Having done a recent reading roundup, I know you’re all dying to know what’s in my immediate reading future, so, without further ado:

The Cambridge Handbook of Metaphor and Thought, Ed. Raymond W. Gibbs, Jr.

  • Currently reading. Yes, I do actually read scholarship. 😉 While I am afraid of getting lost in metaphor theory, as I explained, I can’t avoid it. I actually wrote that post knowing this book was in my immediate future.
  • So far, I’m enjoying it, although I’m being very careful to not read it from cover to cover right now. Too many fascinating essays on too many fascinating topics. Right now, I’m limiting myself to “The neural theory of metaphor” (George Lakoff), “Philosophy’s debt to metaphor” (Mark Johnson), “Rethinking metaphor” (Gilles Fauconnier and Mark Turner), “How metaphors create categories—quickly” (Sam Glucksberg), Metaphor as structure-mapping” (Dedre Gentner and Brian Bowdle), “Metaphor in education” (Graham Low), and “Metaphor in picture and multimodal representations” (Charles Forceville).

Stories: All-New Tales, Ed. Neil Gaiman and Al Sarrantonio

  • Neil Gaiman and Al Sarrantonio contacted a number of authors and asked them for new stories that “used a lightning-flash of magic as a way of showing us something we have already seen a thousand times as if we have never seen it at all.” They wanted stories, as Gaiman explains in his introduction, that invoked the four words Gaiman suggested should be written on the wall of a children’s section of a library: “…and then what happened?” (A librarian asked Gaiman for his suggestion.)
  • I’ve read the first few. Good stuff. I’d heard Gaiman say that the first story, Roddy Doyle’s vampire story “Blood,” was unlike no other vampire story you’ve ever read. I think something like “turns the genre on its head” or something like that was said. He’s right.

Saga of the Swamp Thing Book Three, Alan Moore et. al.

  • As I’ve explained, I’m looking forward to reading the end of Alan Moore’s Swamp Thing run and see the debut of John Constantine. On June 29, everything else goes on hold. 🙂

Marshall McLuhan Unbound, Marshall McLuhan

  • The Medium is the Massage, which regular readers will know I often teach, is in many ways comparable to Walter Ong’s Orality and Literacy.

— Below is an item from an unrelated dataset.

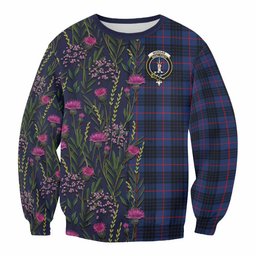 ScotsTee Shop Scottish Morgan Family Crest Tartan Sweatshirt Scottish Thistle Flower Pattern Half Style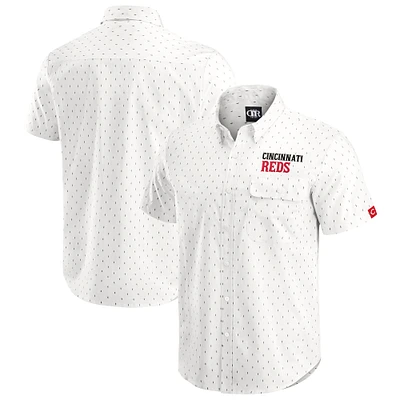 Men's Darius Rucker Collection by Fanatics Cream Cincinnati Reds Printed Button-Down Shirt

Both are surveys that skim the surface of their subject, maps to give you a sense of the territory rather than comprehensive and definitive accounts. As a collection of McLuhan’s essays that circle around his books. As the promotional material explains, “Some were written after the book and encapsulate major themes; some set out additional discoveries or matters left out of the book; some present material discovered as a result of writing the book.”
  • In reading these, I’m looking for further insight into McLuhan, for essay-length pieces I can give to students to supplement The Medium of the Massage, and, eventually, readings for a class I want to someday teach on McLuhan and Ong, which I’ll title “The Prophet and the Priest: something, something, something.”